IT has been a lifeline for thousands of vulnerable people and just the thought of having a home-cooked meal delivered to them has been a comfort during these times.

However, award-winning charity Food Train's Meal Makers has become much more than that, it is helping to combat loneliness and keep people connected.

Now the project, which pairs volunteer cooks with older people across Scotland, is celebrating an important milestone an has delivered its 30,000th meal.

The target was reached by Meal Makers, an innovative scheme credited with not only ensuring older Scots enjoy a good meal but in tackling loneliness.

Read more: Scottish tourism leaders unite to grow industry with climate change commitment

It has been celebrated by one pairing for whom food has brought friendship and enriched both of their lives, as well as being congratulated by Scotland’s Public Health Minister, Joe Fitzpatrick.
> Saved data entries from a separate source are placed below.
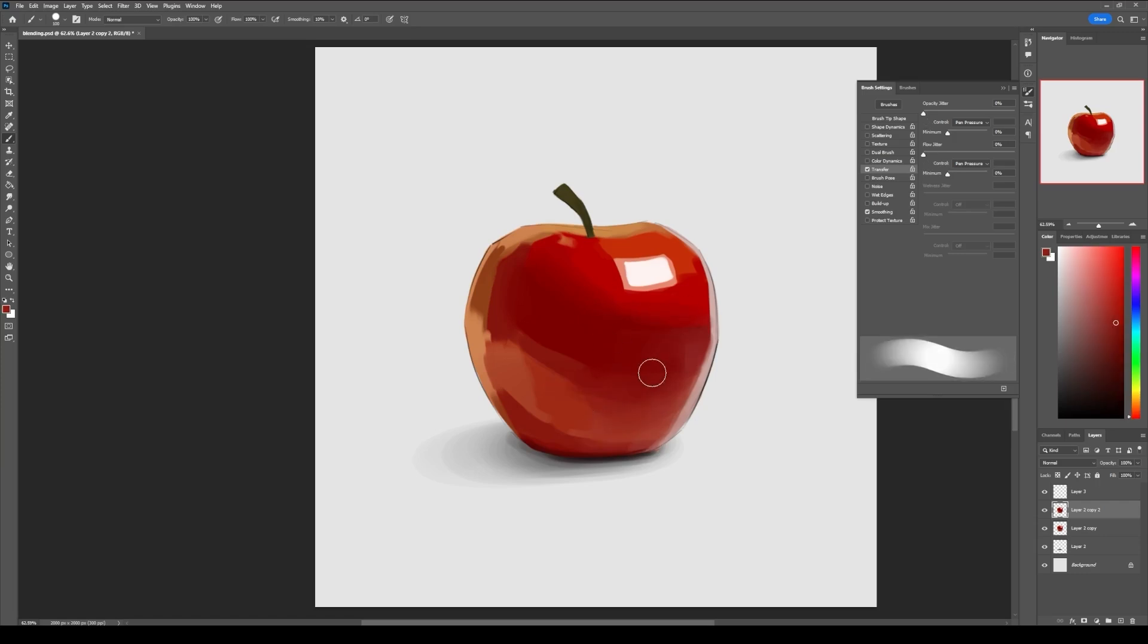Okay, so these were some of my favorite blending brushes and methods for blending colors in Photoshop. I hope you found something useful in this video and I will see you in the next one. Goodbye.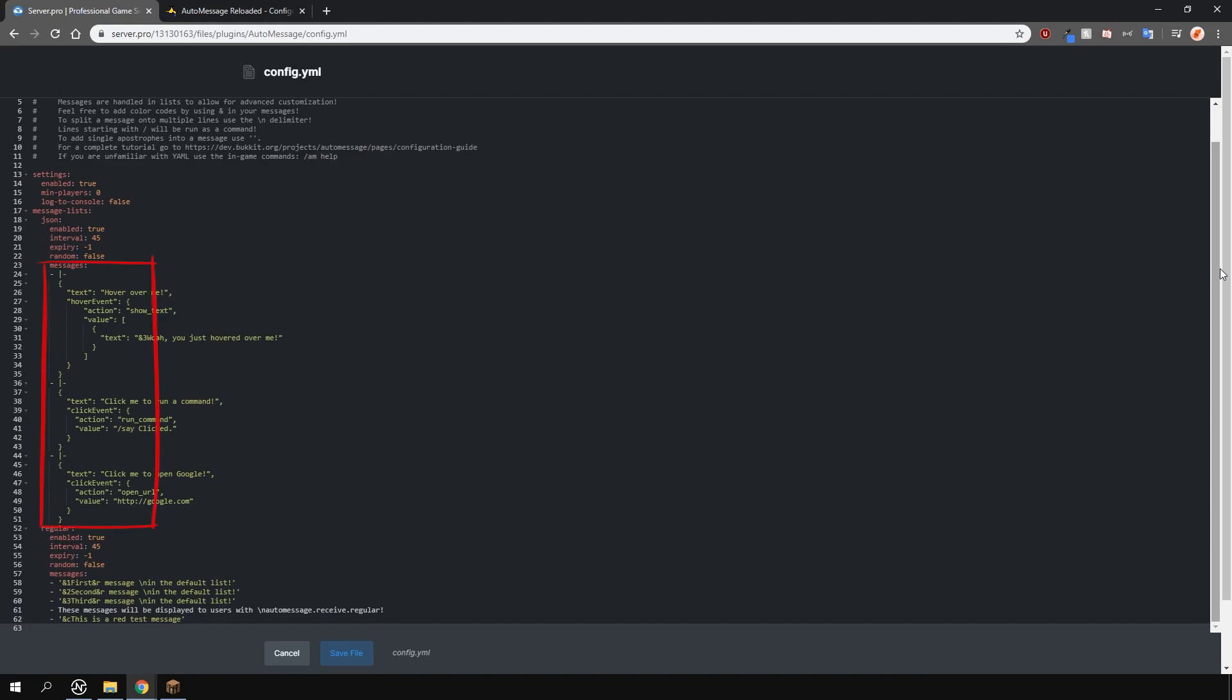Then you have the actual messages. These ones here are formatted in JSON, which allow for things like adding URLs, showing text when hovering over the message and executing commands. Using these examples, you can modify them to create your own. The bottom examples are a bit easier to understand, so just change them up however you like.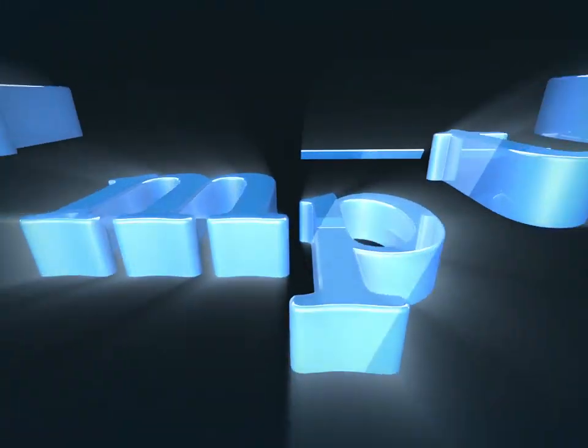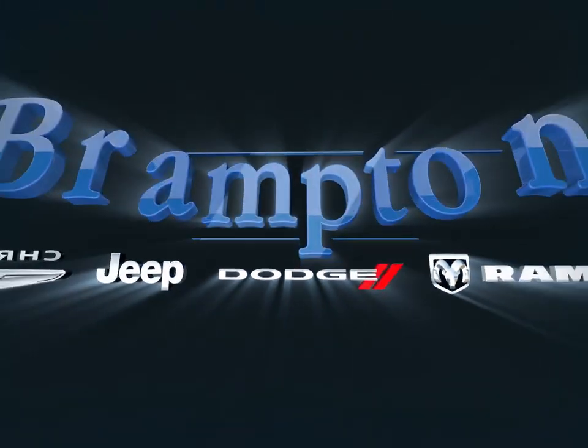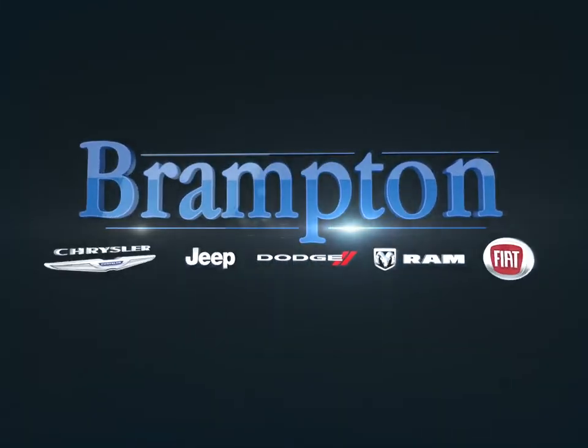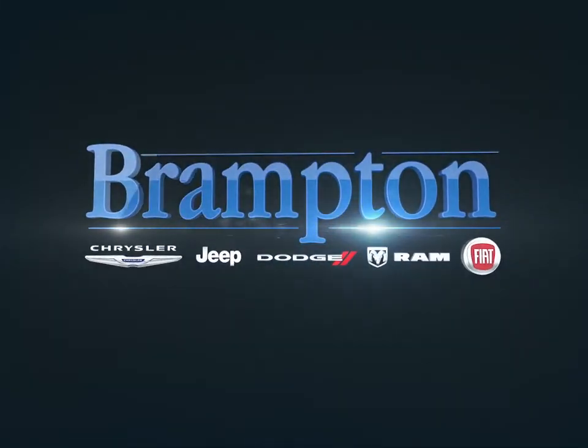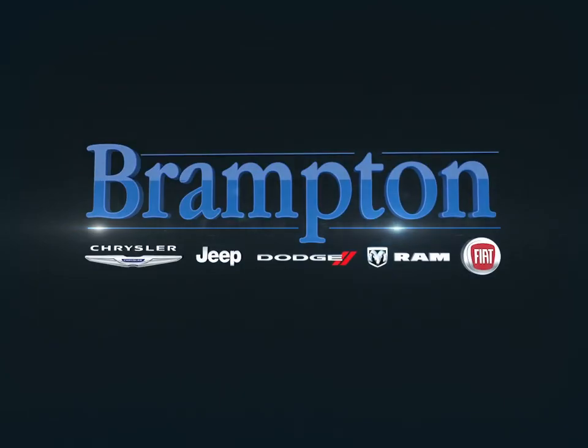Welcome to Brampton Chrysler. Today we're looking at a 2018 Jeep Wrangler.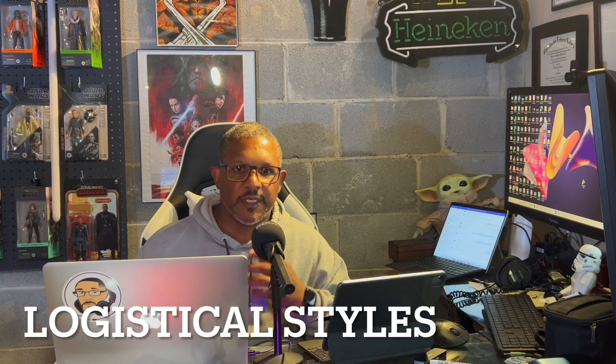What's going on YouTube? It's your boy Logistical Styles coming at you with another video. And today we are going to take a look at how I use iTunes or Apple Music to organize playlists and utilize them with Algorithm DJ Pro.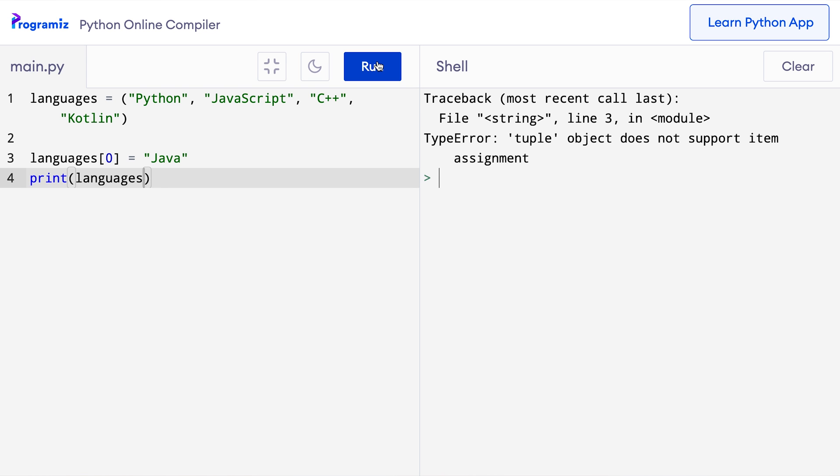We also cannot add and remove items from a tuple because, unlike lists, tuples don't have methods like append, insert, and remove. So if we are sure that our sequence won't change till the end of the program, it's better to use tuples instead of lists. You can find more information about tuples and tuple methods on our website programmers.com.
Meal Makers, established in 2014 with support including that from the Scottish Government, is part of Food Train, the organisation best known for improving the lives of older people living at home through its shopping delivery service.

It connects people who love cooking and are happy to share an extra portion of home-cooked food with an older person living nearby who appreciates a freshly-prepared meal and a chat.

Across Scotland about 1,000 people in 22 council regions are currently being supported by the project.

Alister Reid, service manager at Meal Makers, said: “That we have now topped 30,000 meals made and delivered is a remarkable achievement. We can’t thank all of our volunteer cooks enough.

“The difference that they help make to older peoples’ lives is remarkable. By bringing people together through food, we’re not only helping with their physical diet and health, but their mental wellbeing.

“A chat for a few minutes - even socially distanced in the current climate - as a nutritious home-cooked meal is delivered can really lift the spirit of an older person who may see very few people.

“And it has to be said that our volunteers are not just hugely committed but tremendously talented. Many of their meals are amazing.”

Read more: Coronavirus Scotland: Celebrity chef questions lockdown timing as areas enter level four restrictions

By turning the everyday activity of cooking into a volunteering opportunity, Meal Makers not only provides people a chance to share their time and skills flexibly, but strengthens community connections.

One of the friendships which Meal Makers has helped to form is that of Karen Alford and Agnes Burnside, both from Glasgow.

Mum-of-three Karen, 57, from Scotstoun, was partnered with great-grandmother Agnes, 72, who lives in a retirement home in nearby Jordanhill, since she started volunteering in 2018.

Every week, Karen takes Agnes a main meal and dessert, but they have become firm friends and they chat every couple of days.

Mrs Alford, who baked a special cake to mark Meal Makers’ 30,000th meal, said: “Cooking’s my thing, so Meal Makers is the ideal fit for me - using food to help older people feel less isolated.

“It’s so rewarding. I get more out of it than Agnes does, I think, because it's nice to develop a relationship with someone new. We’re very similar, which is lovely, and we’ve certainly become friends.”

Retired office and supermarket worker Mrs Burnside first had Food Train recommended to her by a nurse and became involved with Meal Makers from there.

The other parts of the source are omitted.